While its base molecular structure is similar to that of the neurotransmitter serotonin, MDMA is, at its basic level, an amphetamine. MDMA increases production of neurotransmitters such as serotonin (associated with happiness and well-being), dopamine (associated with reward and pleasure), oxytocin (associated with bonding), and norepinephrine (associated with increased arousal and awareness of surroundings). Most users experience euphoria, a desire to bond with others, warmth and decreased anxiety.The effects appear 30-45 minutes after ingestion and usually last 4-6 hours. Some users report an ‘afterglow’ following MDMA use, which can include feelings of calm, peace and a positive self-image. Low doses of MDMA in supervised, clinical settings, show the increases of positive feelings and elimination of anxiety and fear allow patients to address and conquer the causes and often debilitating symptoms of PTSD.
MDMA can also result in side effects such as dehydration, feelings of depression from serotonin depletion and exhaustion. These “comedown” effects are, for the most part, not serious and will self-correct within a few days after use. In rare cases, overexertion and dehydration can lead to death, but these instances are very uncommon, making MDMA one of the “least risky” recreational drugs. Deaths have occurred from taking Ecstasy, however, mainly due to overexertion, dehydration, hypernatremia (drinking too much water), or unidentified additives in pressed Ecstasy pills (MDMA cannot be pressed into a pill on its own). Loose MDMA, or “Molly,” is sold as brown or white powder or rocks.
Recreational users should always test their MDMA using a Marquis test kit, which contains a reagent that turns purple to black in the presence of MDMA. Test kits can be purchased online, and forums such as Erowid, DanceSafe, and Bluelight offer safety tips on MDMA use. Ecstasy data contains a large catalog of test results on pressed pills that users can access for free. Despite its schedule I status, people will continue to use MDMA recreationally, as they have for nearly forty years. Although its new status as a breakthrough therapy is promising, MDMA remains illegal for recreational use. Therefore, promoting safety remains paramount.

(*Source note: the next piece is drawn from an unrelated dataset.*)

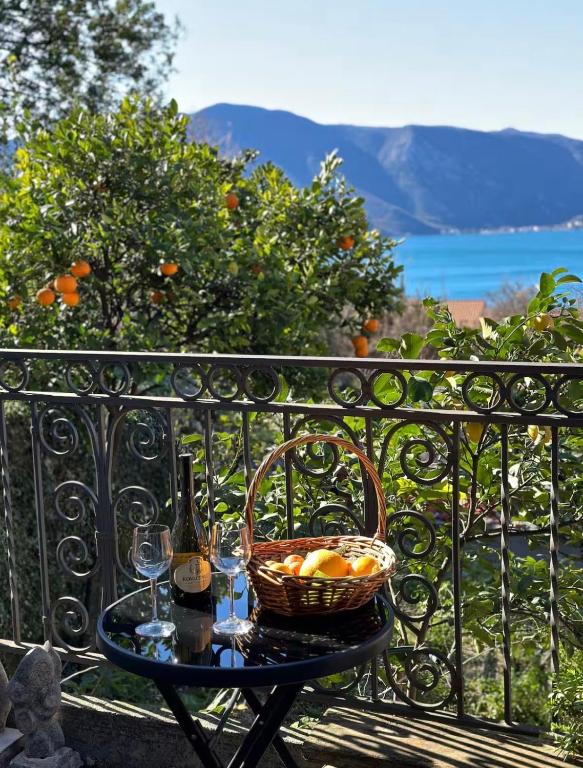 Boka Bay Terrace Studio - B&B Risano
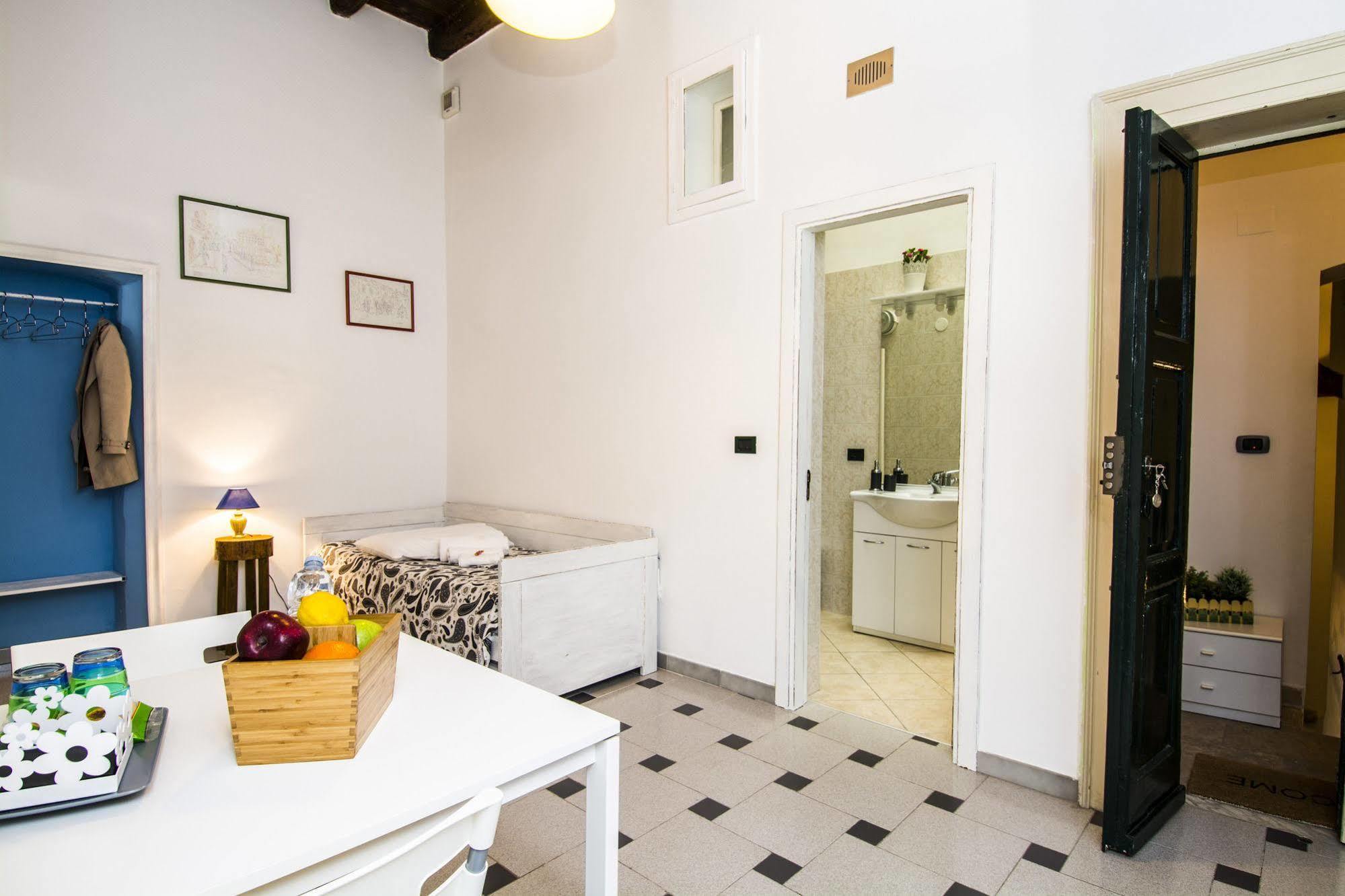 Bed and Breakfast Terra Del Sole Trani Pokoj fotografie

MDMA is not the only psychedelic being researched for treating mental illness, however. MAPS recently completed a double-blind study of LSD, better known as “acid,” to treat anxiety, depression, and alcoholism. Psilocybin, the active ingredient in magic mushrooms, showed an 80 percent success rate in treating anxiety and depression in cancer patients, in a study involving 29 patients at New York University and 51 patients at Johns Hopkins University. LSD and psilocybin are classified as Schedule I drugs by the DEA, which means they have “no currently accepted medical use and a high potential for abuse,” according to the DEA.
Despite having no life-threatening or serious side effects when clinically administered, and its new status as a breakthrough therapy, MDMA is still listed as a schedule I drug. Other substances classified by the DEA as a Schedule I include heroin and marijuana (despite numerous studies showing the plant’s medicinal benefits—29 states have legalized marijuana for medical use—and having been legalized for recreational use in eight states and the District of Columbia). Ironically, highly addictive drugs like cocaine and methamphetamine are listed as schedule II drugs, meaning the DEA considers them to be less dangerous than MDMA and marijuana (marijuana has never caused a documented overdose, nor has it been proven to be addictive). Although mainstream research into the therapeutic benefits of MDMA and other psychedelics is still in its infancy, the promise these substances show offers hope to millions of people frustrated by more conventional therapies.